In the exemplary embodiments, the air supply for the biomass combustion is different. In some embodiments, the air needed for combustion in the biomass furnace is completely removed from the space in which the biomass furnace is located. In other embodiments, however, the air supply is divided. For example, primary air is drawn from outside the room in which the biomass furnace is located, while secondary air is taken from the room. In some embodiments, the secondary air is additionally used as a disk rinsing of a transparent pane of an oven door. In yet other embodiments, the primary and secondary air is supplied from outside the room and taken an additional air flow from the room and thus passed over the disc flushing. In still other embodiments, the disc purging air is supplied from outside the room. Consequently, all possibilities are realized in the exemplary embodiments: primary, secondary and / or disc purging air supplied individually or in combination from outside the room or taken out of the room. The division between primary and secondary air (and - depending on the embodiment - also the disc purging air), takes place in the embodiments in various ways. In some embodiments, a slider is used for this, in others, however, an electronic control device to control the air supply between primary and secondary air (and - depending on the embodiment of the disc purging air) accordingly.

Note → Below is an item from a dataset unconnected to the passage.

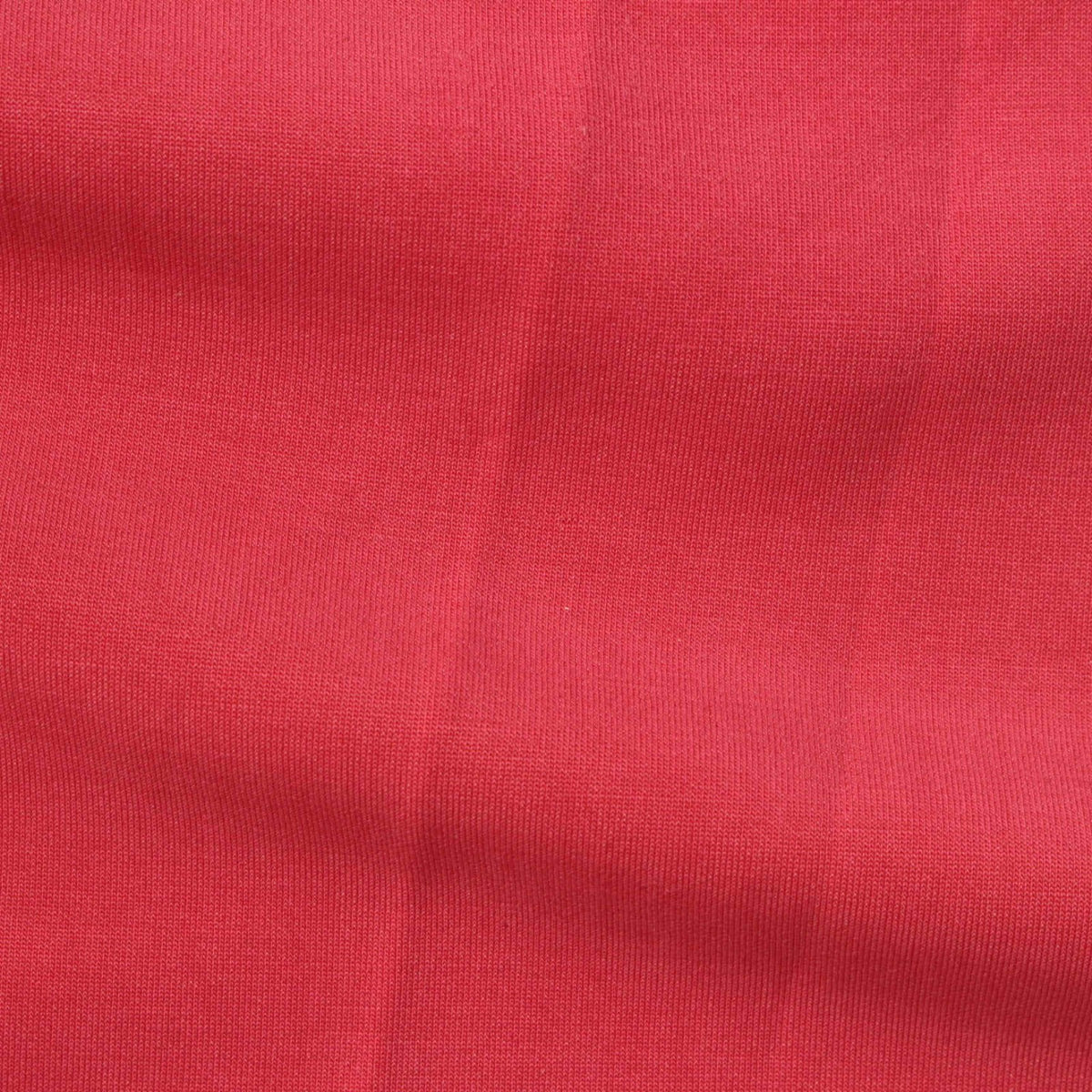 Polyester Tencel Lyocell Stretch Scuba Knit Fabric, 250 gsm, 165 cm — Red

The air supply is thus divided in some embodiments by supplying part of the air from outside the room while another part of the air is taken from the room becomes, in which the biomass firing stands. The externally supplied air is referred to in the embodiments partially as fresh air. This is to express that this air just is not taken from the room in which the biomass firing is located. The fresh air must therefore not necessarily be supplied from, for example, outside of a house in the embodiments. The fresh air differs accordingly from the room air in that it comes from another "air reservoir".

The space in which the biomass furnace is located, in some embodiments as a closed volume of air auffaßbar. Completed here is not a completely closed air volume referred to, but the seclusion of the space or the air volume is such that the amount of air that is fed to the biomass combustion during combustion, is greater or at least of the same magnitude as the amount of air which is supplied by space leaks in the "closed air volume".

In other embodiments, however, the biomass combustion is in a room in which certain amounts of air to be removed or discharged. This happens, for example, due to a ventilation system or an air conditioning system, which exchange the room air to a certain degree for heating / cooling or for room climate improvement.

As is clear from the above, the operation of a biomass combustion in a closed room or in a room, which is connected to a ventilation or air conditioning system, can lead to a certain negative pressure. This negative pressure in the room can be caused by the fact that the biomass firing for the combustion extracts air from the room. For "dense" rooms, therefore, the air consumption through the biomass combustion is greater than the amount of air supplied by the leaks in the room. For air-conditioned rooms or rooms that are connected to a ventilation system, this negative pressure may possibly be compensated by the air conditioning system or the ventilation system by means of an appropriate regulation or control system. However, you can cause the air conditioning or ventilation system is no longer operated in the desired manner.

In some embodiments, the generation of a negative pressure in a closed space or a malfunction of ventilation systems or air conditioning systems is prevented by the extracted air from the biomass firing. This is achieved in some embodiments in that the amount of air taken from the biomass firing is compensated by the same amount of fresh air supplied. As stated above, the fresh air is taken from an air reservoir located outside the room where the biomass firing is installed.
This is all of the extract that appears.